I thought I would ask the community here as I am currently trying to build some example materials that leverage Stan and investigate its scalability on larger scale datasets. Has anyone seen any particularly compelling pairings of Stan models supplied alongside large datasets, preferably open-source and datasets that focus on people / sensitive information? Any examples people can give would be much appreciated. I have read some similar discourse here which was somewhat helpful but lacking in full example pairings of a Stan model and the data.
I give a homework assignment using wage data from the U.S. Census
But there isn’t a whole lot to it, since the individual data are already anonymized.
I’m not sure this is close enough to what you’re looking for, but I recently did an analysis of a publicly available dataset of >6000 individual shootings in Baltimore using rstanarm and posted the complete code along with the dataset here.

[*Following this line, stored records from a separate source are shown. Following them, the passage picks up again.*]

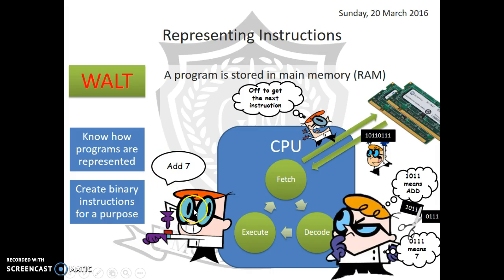Once we've decoded the instruction, we execute it — we carry it out. Then we fetch the next instruction, decode it, execute it, over and over again. In a modern processor, this cycle is happening about 3 billion times a second.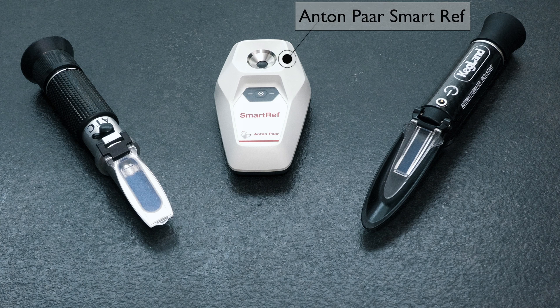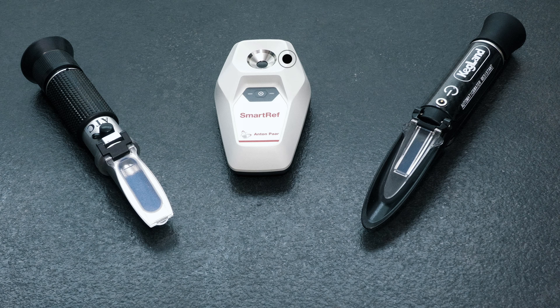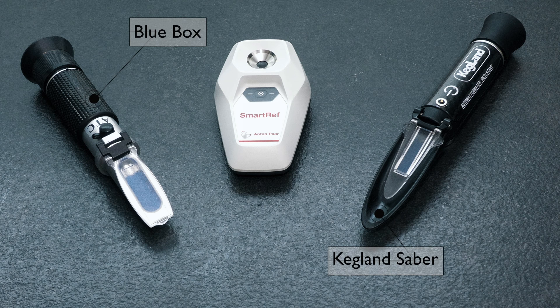As you can see, the SmartRef is back with its ultra accuracy of 0.2 degrees Brix, so as such this is essentially our benchmark device. Also returning are our standard blue box refractometer and Kegland Sabre refractometer.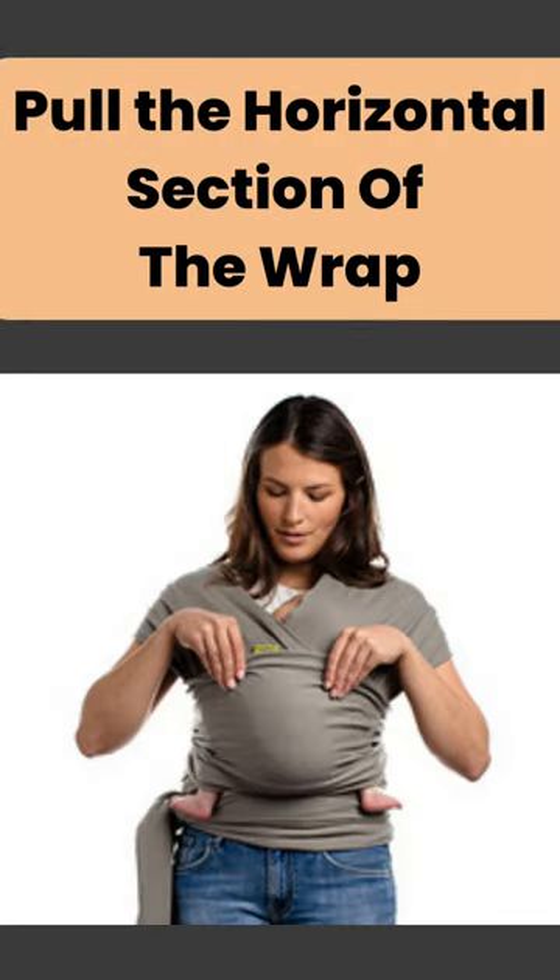Step 4: Pull the horizontal section of the wrap over your baby's entire back, up to the back of the neck, for optimal support.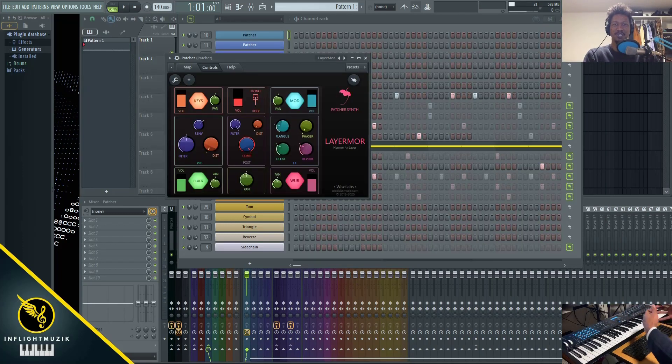In this FL Studio tutorial I'm going to show you how to use Layer More, which is a patcher preset to control and manipulate the presets inside of Harmer.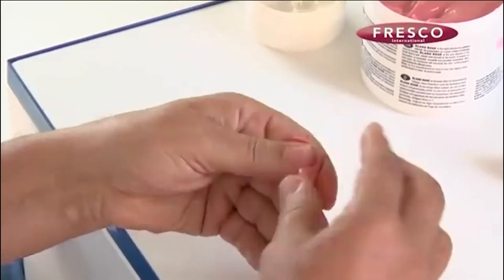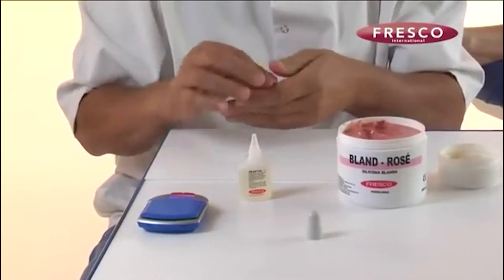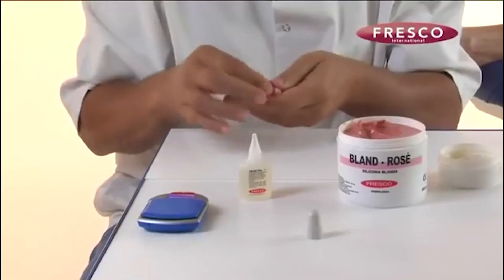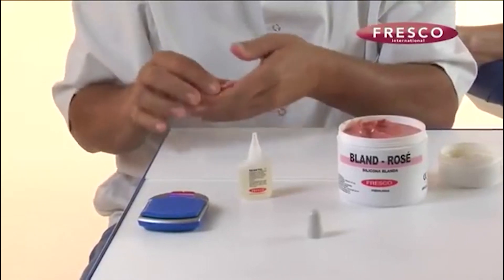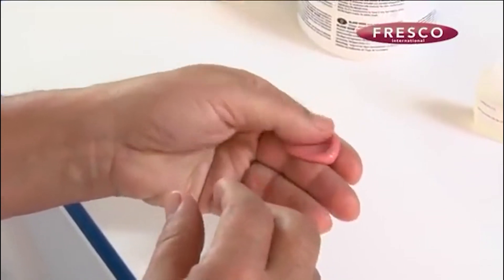Kneading of the silicon is recommended just before adding the catalyst. This way the silicon will have a smooth texture before making the orthosis. It is then placed on the fingers and a small hollow is formed where the catalyst will be added.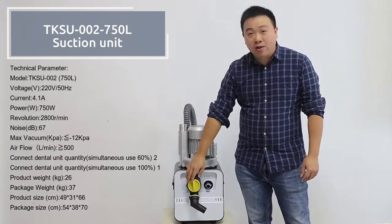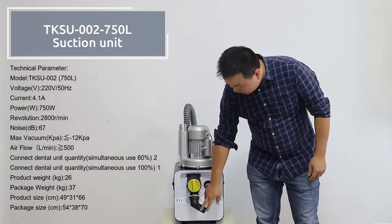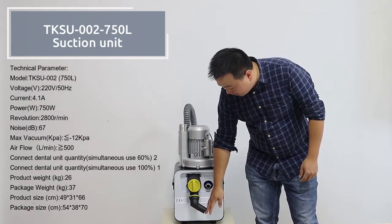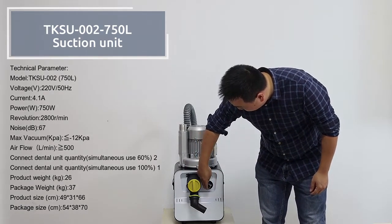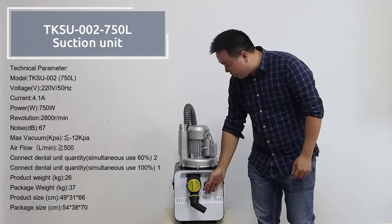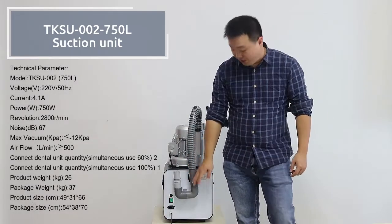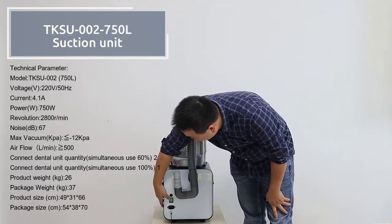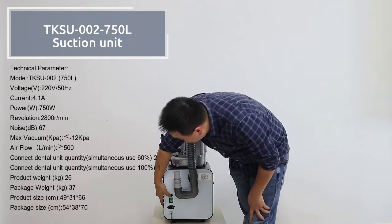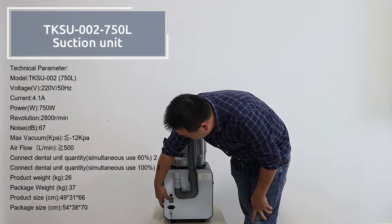In front of this machine you can see there is a filter here, and this side is for the suction connection. This one is for the drain interface — water drains out from here. On the back of the machine it also comes with different sides, and this switch is for the motors.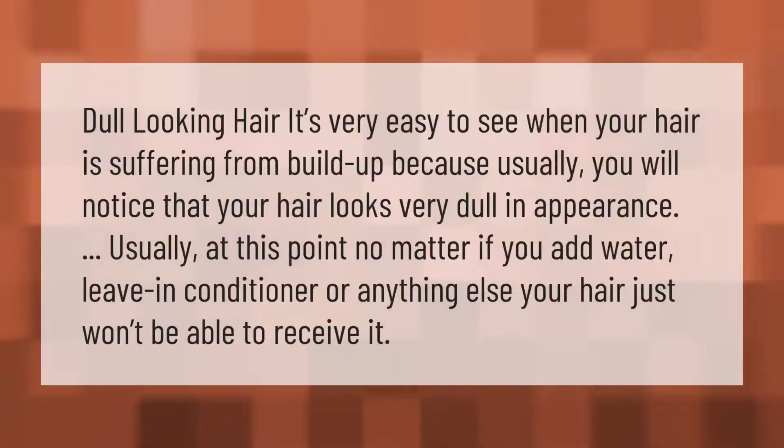It's very easy to see when your hair is suffering from buildup, because usually you will notice that your hair looks very dull in appearance. Usually at this point, no matter if you add water, leave-in conditioner, or anything else, your hair just won't be able to receive it.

The particular subset of the data that I analyzed may not be large enough to interest you (n=~6 thousand shootings), but the underlying dataset which is provided is actually every victim-based crime occurring in Baltimore over the past 7 years (n=~400 thousand). So, if you subset to a more common crime than shootings, you can probably run my code without too many modifications to obtain a reasonable case study of stan on data that’s “big”, at least by the standards of public health.
BTW: the same dataset was discussed previously in this thread, which you can check out for some actual Stan code.
Regardless of the anonymisation this is still a pretty good example so thank you for sharing!
This is great, I will go through your repo as there looks to be some interesting stuff inside, thank you!